En mars, ce père de famille qui vit à La Réunion a été contacté par une maman inquiète pour sa fille, qui avait reçu plusieurs messages pornographiques. Pour coincer l’auteur présumé, Steven Moore crée un faux profil de jeune fille sur Facebook. «C’est comme à la pêche, il suffit de poser sa ligne et d’attendre », explique-t-il. En quelques jours, il est contacté par une dizaine de « prédateurs sexuels », qui lui envoient quantité de vidéos, photos ou enregistrements sans aucune ambiguïté. Steven Moore organise une première confrontation en mai, au Tampon, une commune du sud de La Réunion. La vidéo de la rencontre, massivement diffusée sur le Web, permet l’arrestation du pédophile présumé. Ce premier « coup de filet» conforte Steven Moore dans son combat. Avec deux autres mères de famille, il crée la Team Moore, un collectif de lutte contre les cyberpédophiles. « Nous sommes déjà à l’origine de 11 arrestations en à peine six mois», se félicite le militant, qui s’interroge : «Comment un groupe de citoyens, sans aucuns moyens, a réussi à faire mieux en moins de six mois que le gouvernement français, qui dispose, lui, de milliards d’euros ? »
Possiblement dangereux
Selon les chiffres de l’ONU, il y aurait plus de 750000 prédateurs connectés à Internet en permanence. La France ne dispose malheureusement que de 20 cyberpatrouilleurs pour traquer ces pédocriminels. Au Royaume-Uni, ils sont environ 250. «On manque de moyens, comme tous les services de police en France, reconnaît Véronique Béchu, du Groupe central des mineurs victimes, chargé des cyberpatrouilleurs de la police nationale. Mais ça se réglera peutêtre un jour.» Pour le moment, selon elle, l’aide apportée par ces simples citoyens peut se révéler contre-productive, notamment lorsque les preuves collectées ne sont pas de qualité suffisante pour lancer une instruction. De plus, «la personne peut se mettre en danger quand elle se rend à de tels rendez-vous». La Team Moore, elle, ne considère pas oeuvrer dans l’illégalité. D’ailleurs, « pourquoi ne pas mettre en place une cellule composée de réservistes ? », lance-t-elle.

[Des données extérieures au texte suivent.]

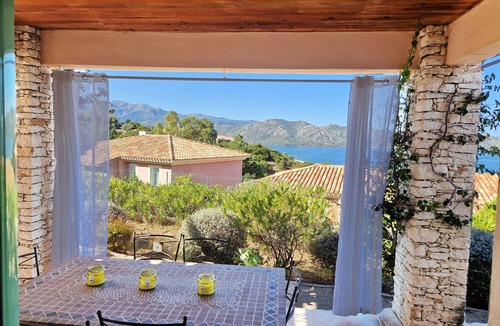 Saint-Florent Villa | Villa de Standing vue Panoramique Saint-florent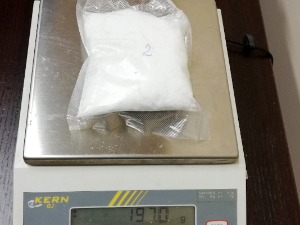 Ухапшен Чачанин, сумња се да је бацио пакет амфетамина на кров куће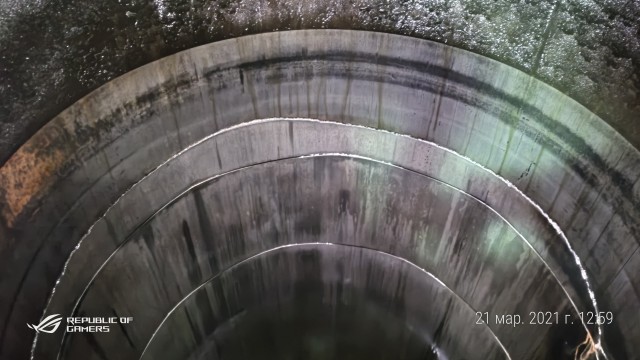 Рутинная замена поршня на судовом главном двигателе мощностью 58100 кВт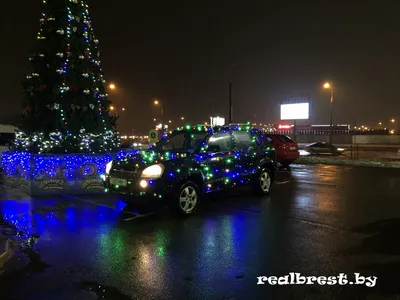 Автомобильный новогодний креатив в Бресте — Реальный Брест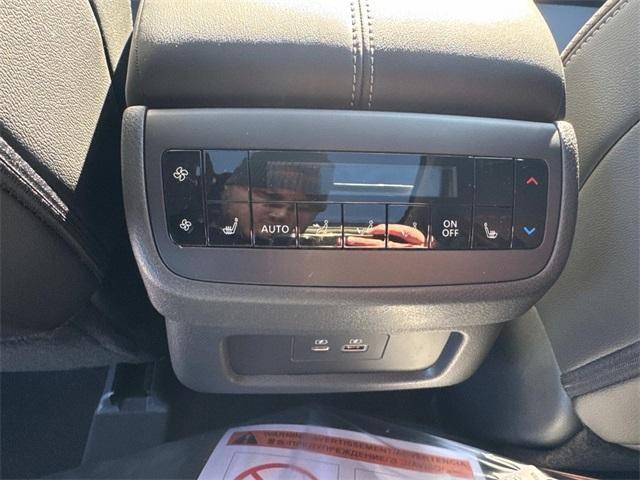 new 2025 Nissan Pathfinder car, priced at $43,221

«Vu les enjeux, il faut que la législation évolue sur cette question, que les enquêteurs puissent travailler conjointement avec ces militants, souligne Homayra Sellier, présidente de l’association Innocence en danger. Il y a urgence à agir. » Hakima Bounemoura
* Steven Moore veut conserver l’anonymat, les autorités lui ayant fait comprendre que ses actions étaient passibles de poursuites.